**INFORMATION SUPPLIED:**
---------------
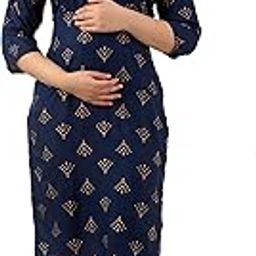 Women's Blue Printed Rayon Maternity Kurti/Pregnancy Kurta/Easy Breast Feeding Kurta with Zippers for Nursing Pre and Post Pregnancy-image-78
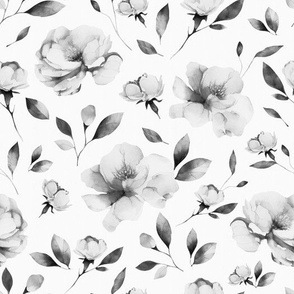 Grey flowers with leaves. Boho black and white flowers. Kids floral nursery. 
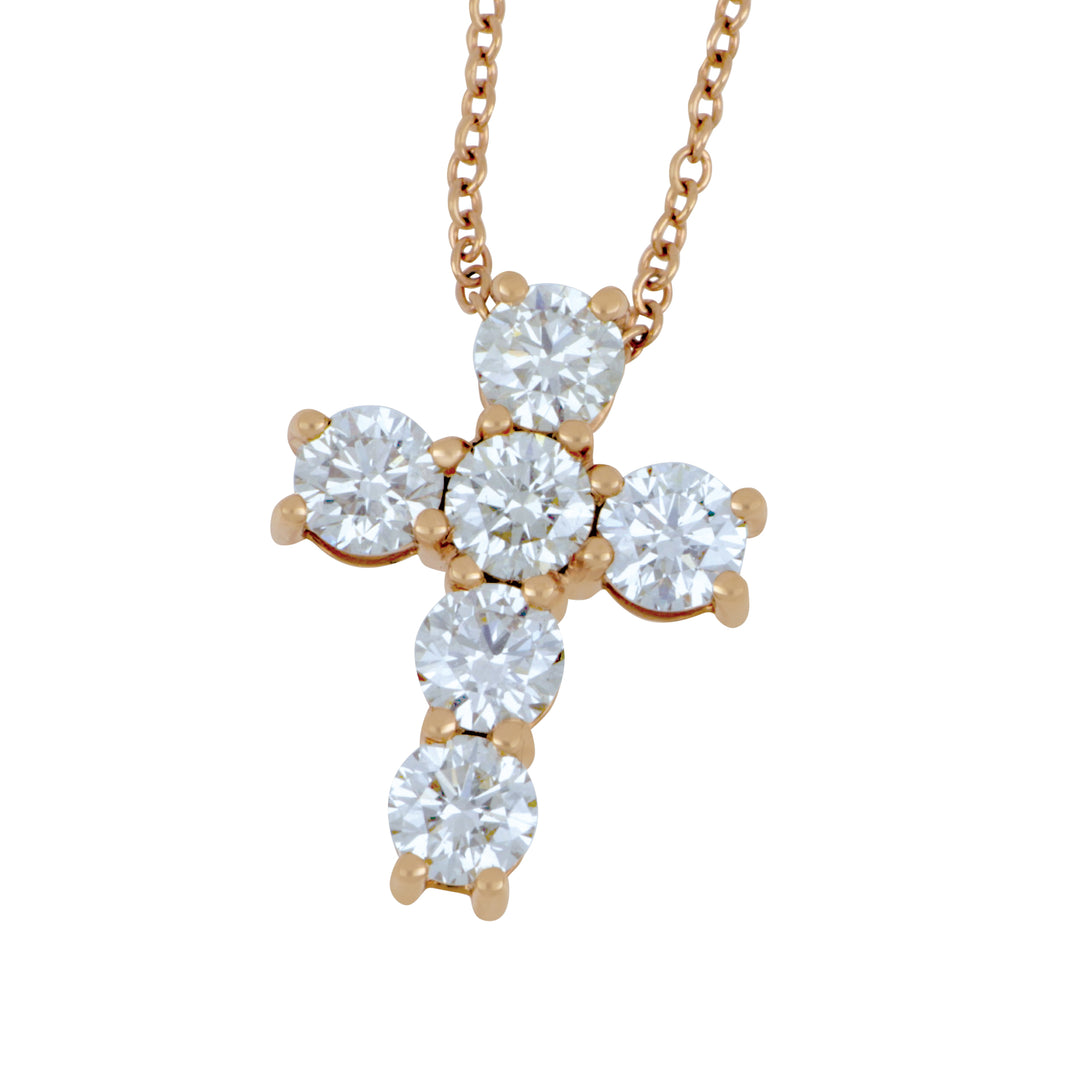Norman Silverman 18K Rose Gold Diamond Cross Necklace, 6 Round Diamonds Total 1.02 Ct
---------------
**YOUR OBJECTIVE:** What you return should be the whole listing, word for word, without its pictures.

**RESPONSE TO THE EXERCISE:**
 Women's Blue Printed Rayon Maternity Kurti/Pregnancy Kurta/Easy Breast Feeding Kurta with Zippers for Nursing Pre and Post Pregnancy-image-78
 Grey flowers with leaves. Boho black and white flowers. Kids floral nursery. 
Norman Silverman 18K Rose Gold Diamond Cross Necklace, 6 Round Diamonds Total 1.02 Ct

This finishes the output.